[[ THE DATA, beginning ]]

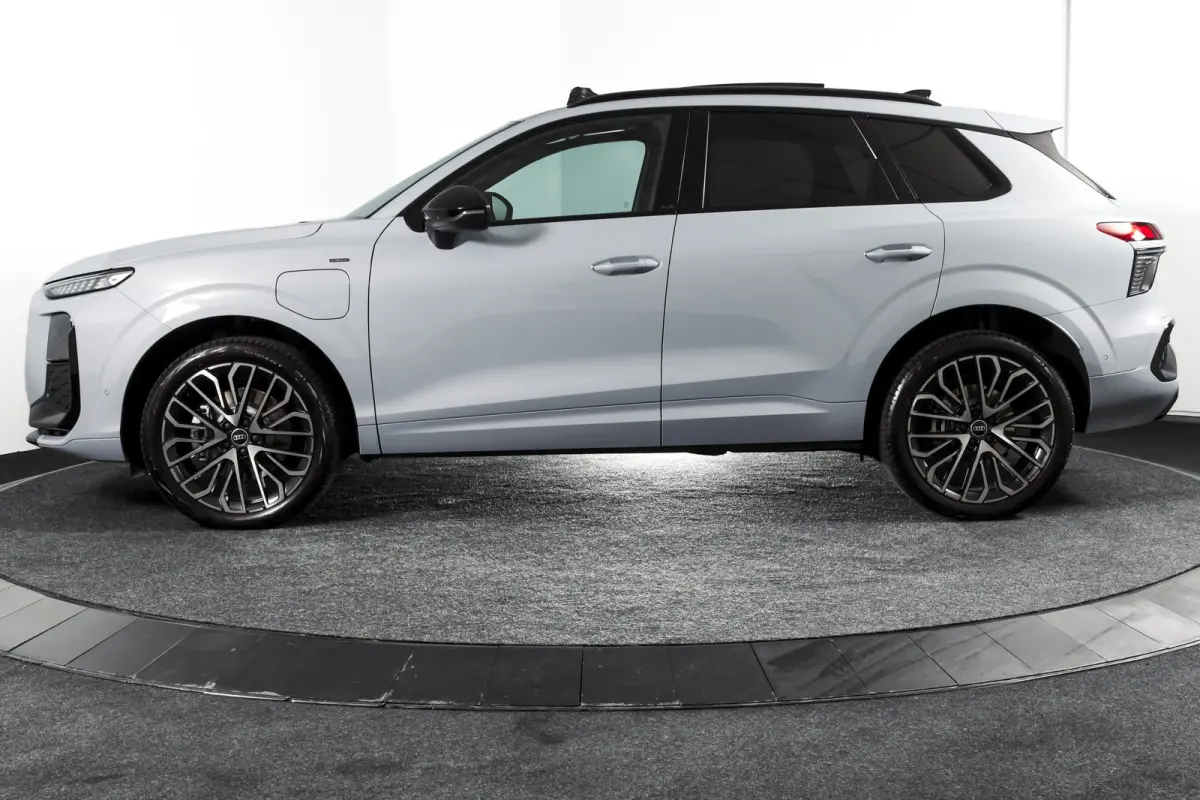 1.5 e-hybrid 272 PK S edition | S/K-Panodak | Elek. Trekhaak | Tech Pack Plus | Adapt. Cruise | Stoel-+Stuurverw. | Camera | NAV+App. Connect | Elek. Klep | LM 20" | 7257
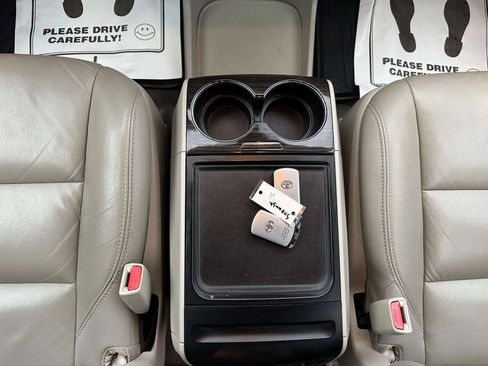 Used 2018 Toyota Sienna XLE FWD image 23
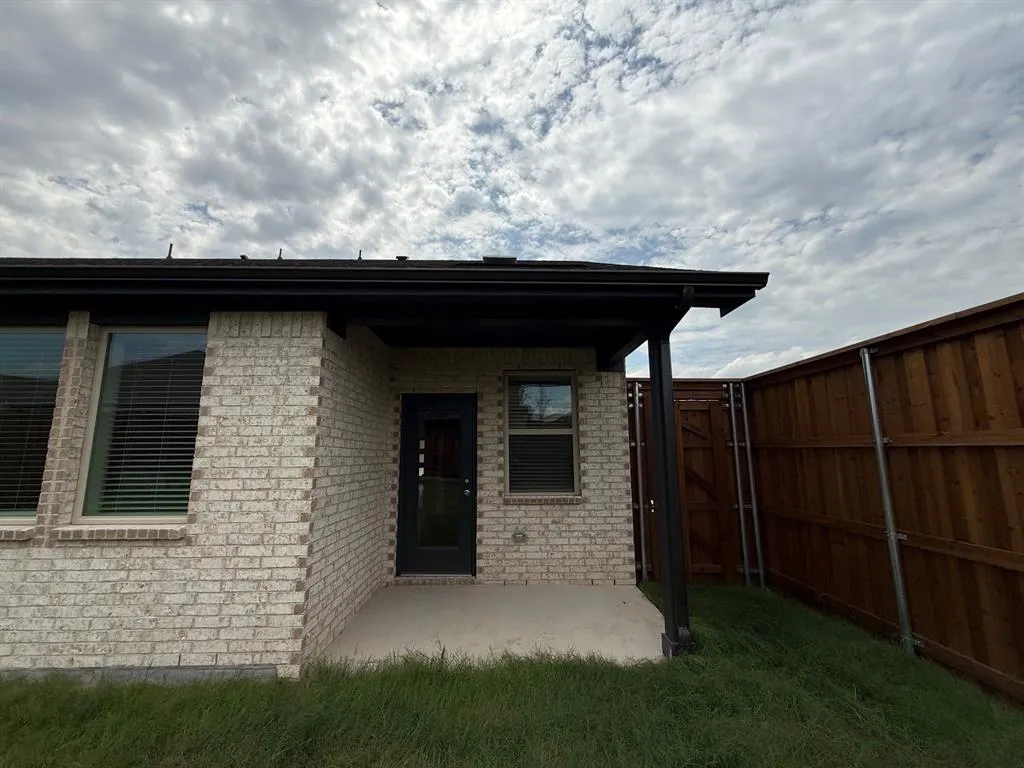 3929 Jasper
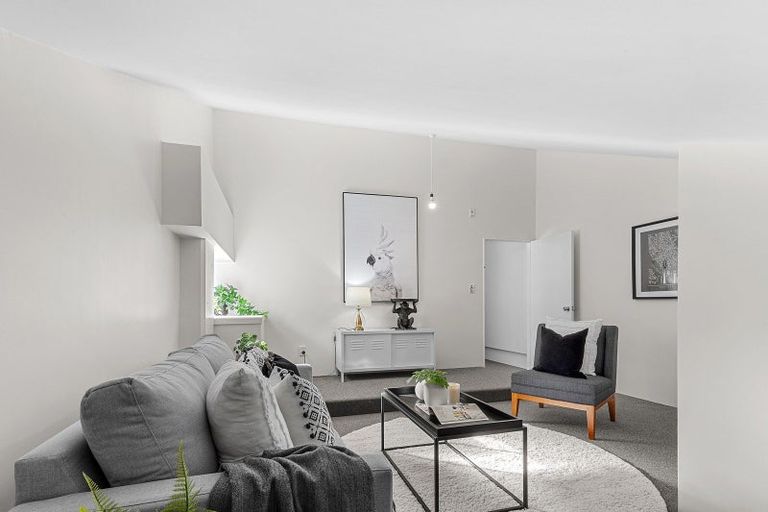 Photo of property in 11/5 Hopper Street, Mount Cook, Wellington, 6011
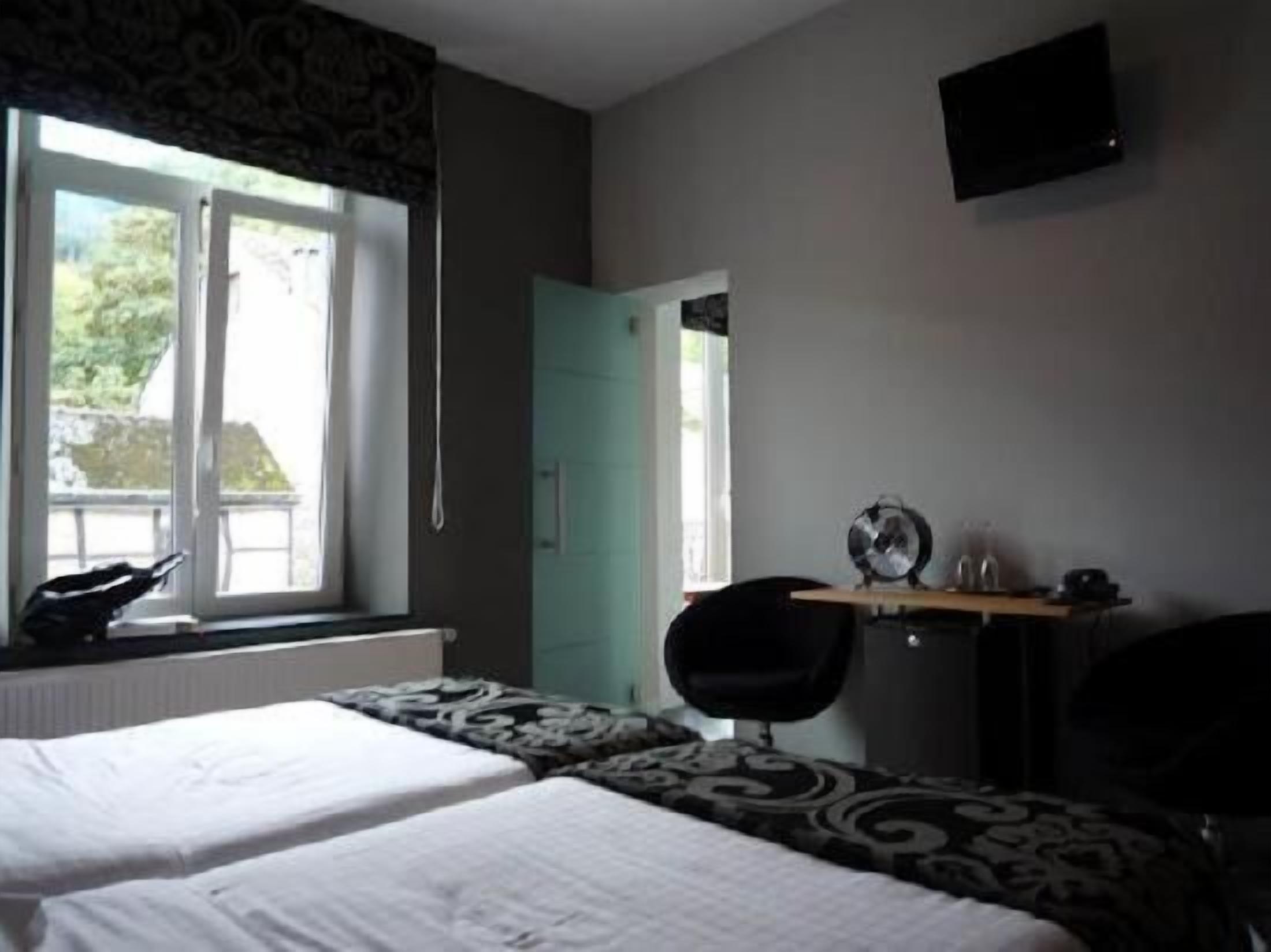 minibar, soundproofing, free wifi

[[ THE DATA, end ]]

-- TASK REQUIREMENTS --
Quote the records in their entirety, keeping the wording exact and excluding pictures.

-- SOLUTION FOR THIS PROBLEM --
 1.5 e-hybrid 272 PK S edition | S/K-Panodak | Elek. Trekhaak | Tech Pack Plus | Adapt. Cruise | Stoel-+Stuurverw. | Camera | NAV+App. Connect | Elek. Klep | LM 20" | 7257
 Used 2018 Toyota Sienna XLE FWD image 23
 3929 Jasper
 Photo of property in 11/5 Hopper Street, Mount Cook, Wellington, 6011
 minibar, soundproofing, free wifi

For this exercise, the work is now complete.